Ha ancora senso, nell'epoca in cui gli atleti vengono gestiti con il bilancino, come attrici fragili e cagionevoli, tenere in piedi una cosa del genere? Dio non voglia che qualcuno risponda no a questa stupida domanda. La Roubaix va tutelata - come i francesi tutelano il pavé alla stregua di un museo - proprio perché unica, grandiosa, completamente pazza. Nel piattume generale dello sport programmato e iperspecializzato, conservare una riserva indiana di stramba poesia e di estrema avventura rappresenta una scelta di fantasia. Non si buttano via i pezzi d'autore. La tecnica e la modernità possono apportare tutte le precauzioni del caso, dal gel sotto il nastro del manubrio al fluido antiforature nelle gomme, dal telaio più elastico alle selle più morbide, ma nessuno scienziato riuscirà mai ad attutire gli effetti macellai di quelle strade campagnole, cioè il loro fascino. Che poi non tutti i ciclisti se la sentano di affrontare il tormento è normalissimo: i pesi piuma del gruppo, su quel percorso, saltano come grilli e rimbalzano velocemente fuoristrada. E' chiaro, si parla di una prova speciale per granatieri e per fachiri. Tant'è vero che spesso vince addirittura un signor nessuno, titolare soltanto di un fisico maciste e di un coraggio incosciente.

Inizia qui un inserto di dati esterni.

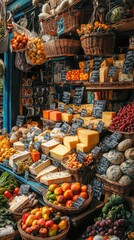 Fototapeta premium A vibrant market display featuring an assortment of colorful fruits, cheeses, and fresh produce in rustic baskets.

Stando così le cose, si comprende ancora meglio perché quest'oggi il favorito indiscutibile sia Fabian Cancellara, già vincitore nel 2006 e nel 2010, nonché vincitore domenica scorsa nel Giro delle Fiandre (altro tritacarne). Lo svizzero tutto d'un pezzo ha fisico, testa, cuore - sarà che ha origini lucane - per questa domenica bestiale. Sembra che il creatore gliel'abbia disegnata addosso come un vestito d'alta sartoria. Certo negli ultimi sette giorni è caduto due volte, non il modo migliore per prepararsi, ma con il temperamento che si ritrova saprà come ignorare i lividi. Soltanto lui può perdere, il che in definitiva diventa l'avversario peggiore: in giornate così, qualche foratura in più, una caduta stupida, un ingorgo imprevisto possono mettersi di traverso e appiedare anche il più forte dei fortissimi.